Joseph Mitchell - Notepad

The brilliant, modest, conflicted, ultimately tragic Joseph Mitchell is the subject of Thomas Kunkel’s new biography, Man in Profile: Joseph Mitchell of The New Yorker (Random House). Among the greatest literary journalists, he chronicled Manhattan’s margins — bums, barflies, con men, carnival characters, rogues and ruffians — and his sentences often read more like Faulkner than the prose of the average magazine writer of the day. He once said:  “One thing you have to do, if you’re going to write this sort of thing, is realize that people have buried their pain and have transformed experience enough to allow them to endure it and bear it. If you stay with them long enough, you let them reveal the past to themselves, thereby revealing it to you.”
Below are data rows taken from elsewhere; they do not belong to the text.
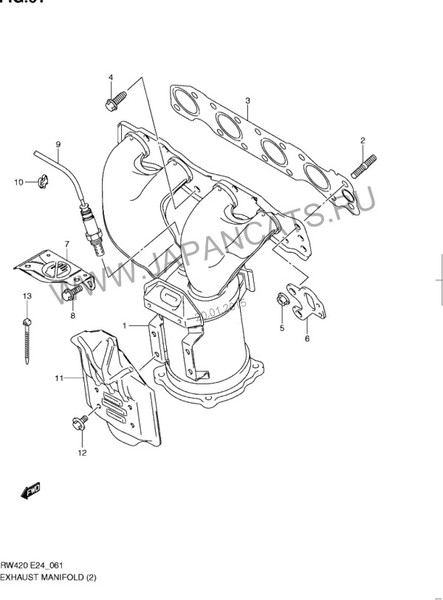 Термозащита выхлопного коллектора Suzuki SX4  2008 1.6 Бензин 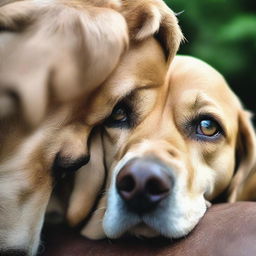 A deeply moving scene capturing a dog's eyes intensely locked with its owner's, radiating an undeniable bond of companionship and unconditional love.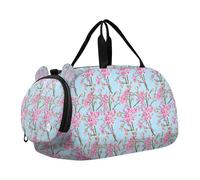 Lyeorm Cherry Blossom Kids Duffle Bag, Overnight Travel Sport Gym Bags with Shoe Compartment for Boys & Girls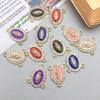 Gold Alloy Three-Hole White Rhinestone Pendant Charm for DIY Jewelry Accessories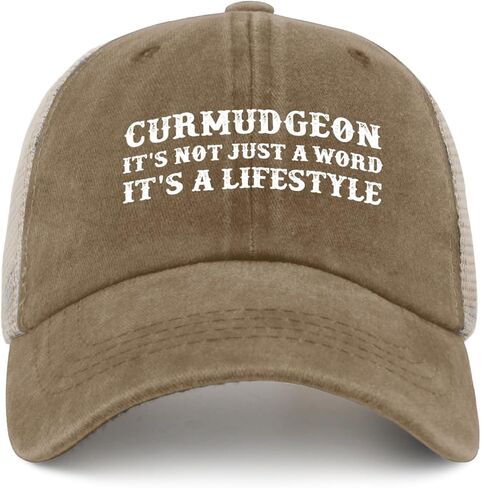 Curmudgeon Its Not Just A Word Its A Lifestyle Hat Trucker Hat Men Trendy Mesh Hat for Fall in Saudi Arabia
He was casual with conventions (composite characters; great swathes of quotation that only history’s greatest orators could have spoken), but in an era when such things were overlooked, if not condoned, especially when practiced by great writers A Stephen Glass or Jayson Blair he was not. In the end, he sat in his office at The New Yorker unable to write. It hurts to imagine how deeply he buried that pain.

Back in 1992, when Up In the Old Hotel, a comprehensive anthology of Mitchell’s work, was published, I reviewed it in The Globe and Mail. Before reading the biography, be sure to read this collection.